Would you return exactly the lines below from the line with "SL70 AWD Rear Number Plate" through the line with "Keuken achterwand - Natuur", both included, and nothing else, leaving out the pictures?

___ RECORDS PROVIDED

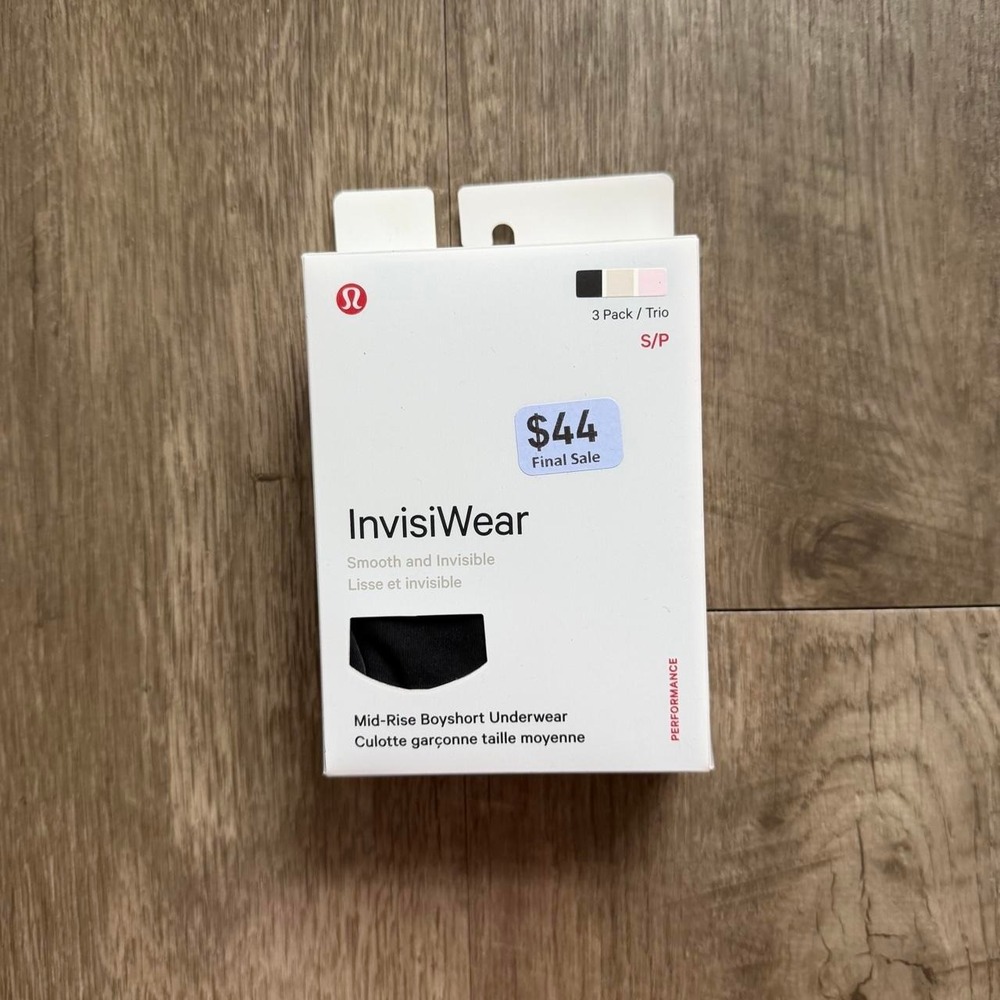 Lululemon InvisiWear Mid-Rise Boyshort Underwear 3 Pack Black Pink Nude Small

______
___ RECORDS PROVIDED

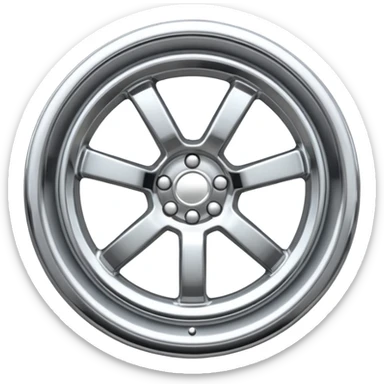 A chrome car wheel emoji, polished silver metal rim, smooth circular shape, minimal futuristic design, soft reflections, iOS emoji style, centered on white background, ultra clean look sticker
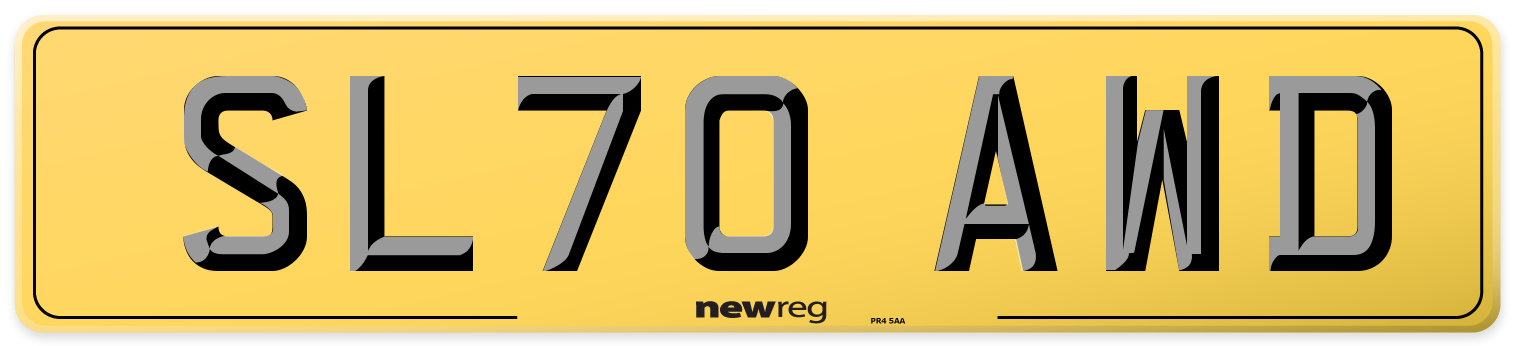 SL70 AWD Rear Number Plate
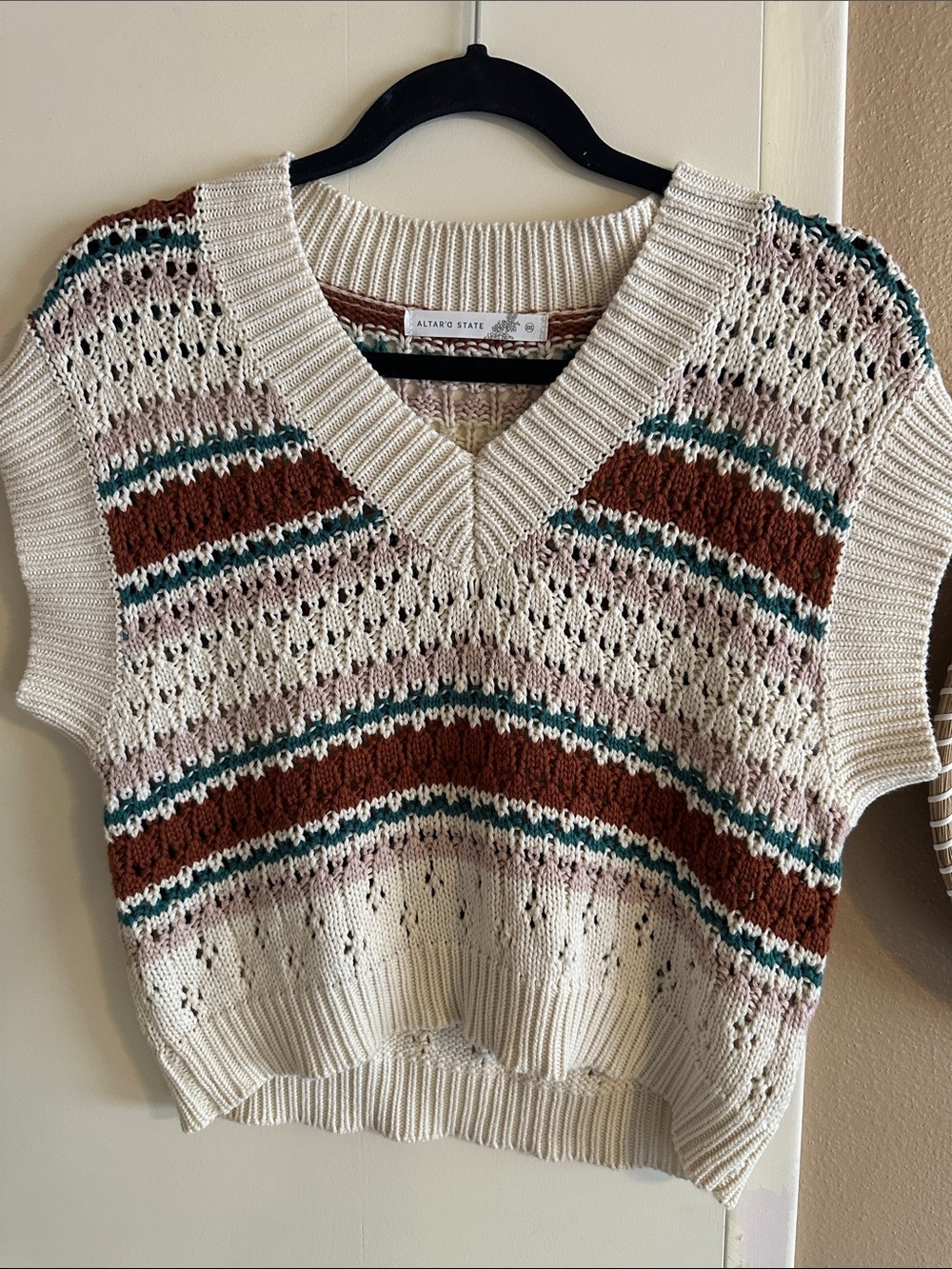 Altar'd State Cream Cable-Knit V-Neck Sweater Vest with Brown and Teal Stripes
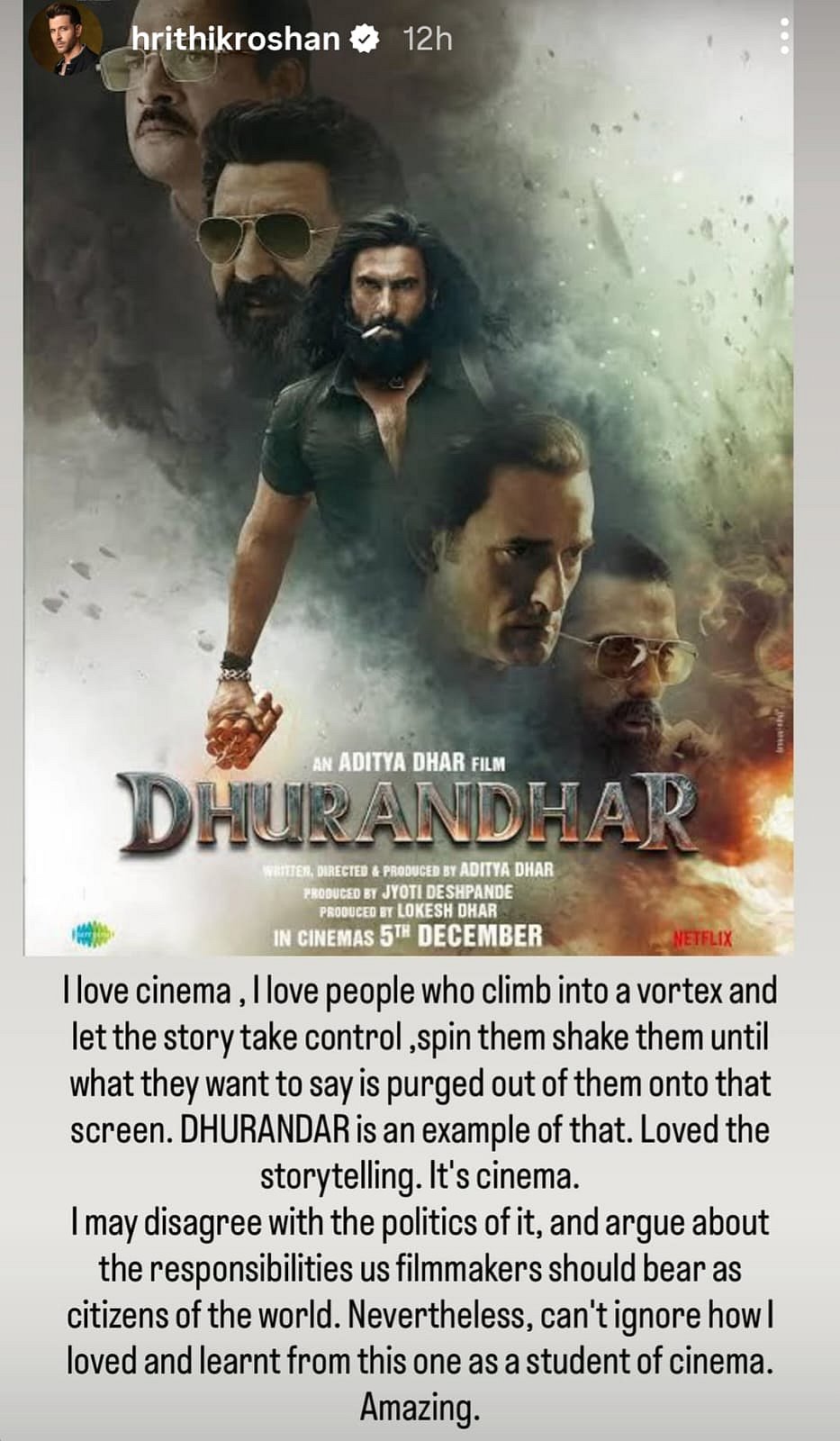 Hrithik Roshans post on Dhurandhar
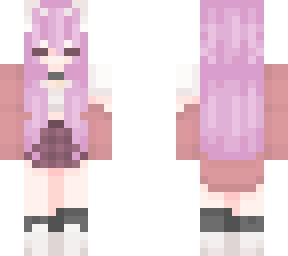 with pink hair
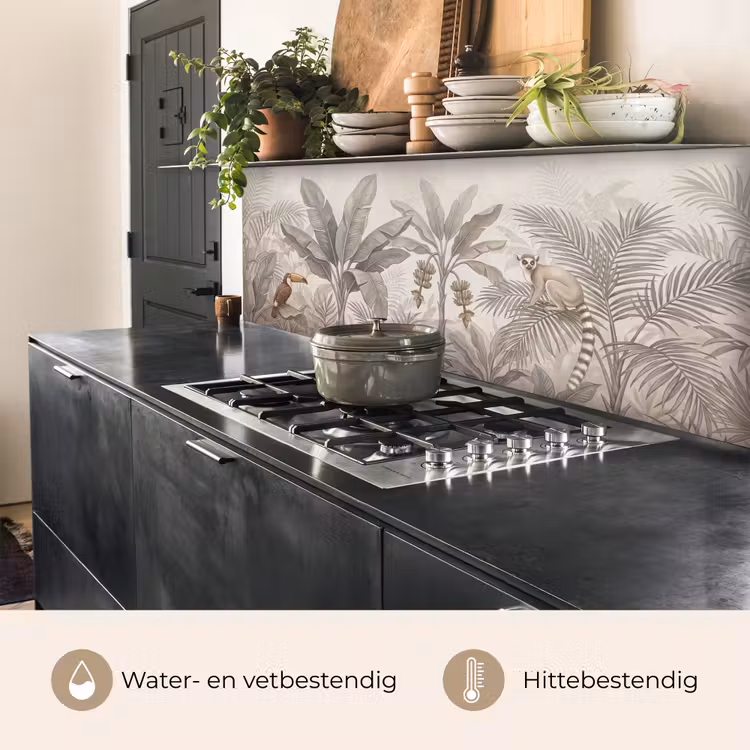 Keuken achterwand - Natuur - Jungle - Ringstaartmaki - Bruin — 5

______

-- ANSWER SECTION --
 SL70 AWD Rear Number Plate
 Altar'd State Cream Cable-Knit V-Neck Sweater Vest with Brown and Teal Stripes
 Hrithik Roshans post on Dhurandhar
 with pink hair
 Keuken achterwand - Natuur - Jungle - Ringstaartmaki - Bruin — 5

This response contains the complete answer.